▶ _EXERCISE DIRECTIONS_: Your task is to transcribe all of the data below exactly, omitting the images.

Top of GIVEN DATA

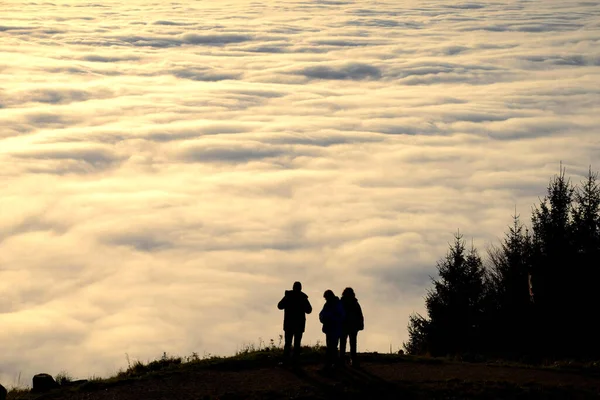 Mer Brouillard Sur Gruenberg Près Gmunden Autriche Europe — Photo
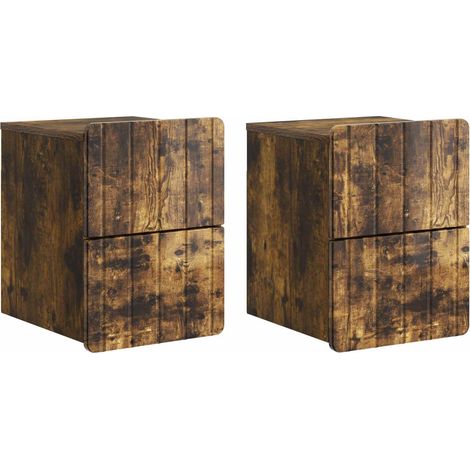 Maison Exclusive - Mobiletto da notte a muro 2 pcs Rovere Fumo 33 x 34,5 x 43 cm (1/5)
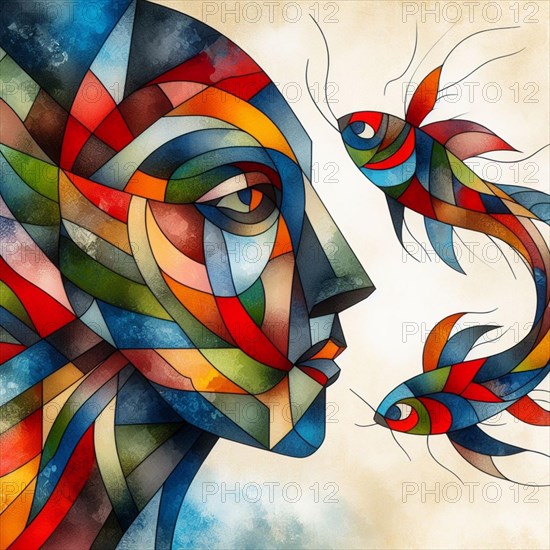Surreal abstract image of a woman's face with fish, in a cubist style with vibrant colors, square aspect, AI generated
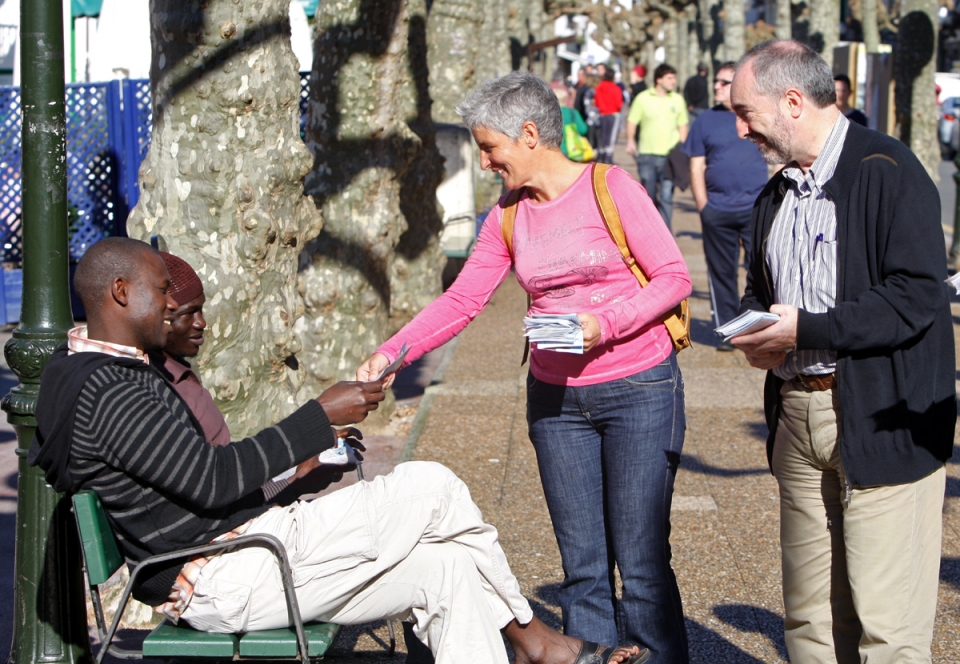 Los candidatos de Amaiur, en Hondarribia. EFE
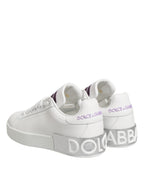 Dolce & Gabbana White Purple Leather Low Top Sneakers Shoes - Zeiniez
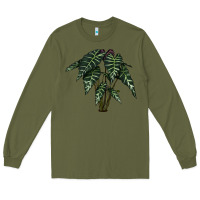 Army Green Amazon Elephant Ear Long Sleeve Tee - LillyAllenDesigns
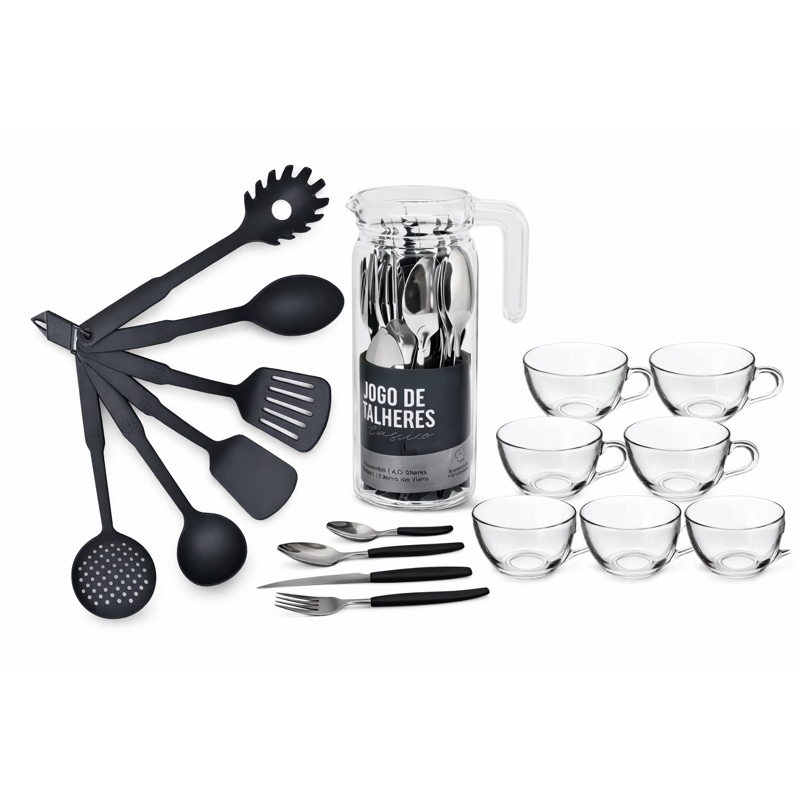 kit utensílios de cozinha jarra e xícaras talheres promoção kit barato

Bottom of GIVEN DATA

▶ _EXERCISE SOLUTION_:
 Mer Brouillard Sur Gruenberg Près Gmunden Autriche Europe — Photo
 Maison Exclusive - Mobiletto da notte a muro 2 pcs Rovere Fumo 33 x 34,5 x 43 cm (1/5)
Surreal abstract image of a woman's face with fish, in a cubist style with vibrant colors, square aspect, AI generated
 Los candidatos de Amaiur, en Hondarribia. EFE
 Dolce & Gabbana White Purple Leather Low Top Sneakers Shoes - Zeiniez
 Army Green Amazon Elephant Ear Long Sleeve Tee - LillyAllenDesigns
 kit utensílios de cozinha jarra e xícaras talheres promoção kit barato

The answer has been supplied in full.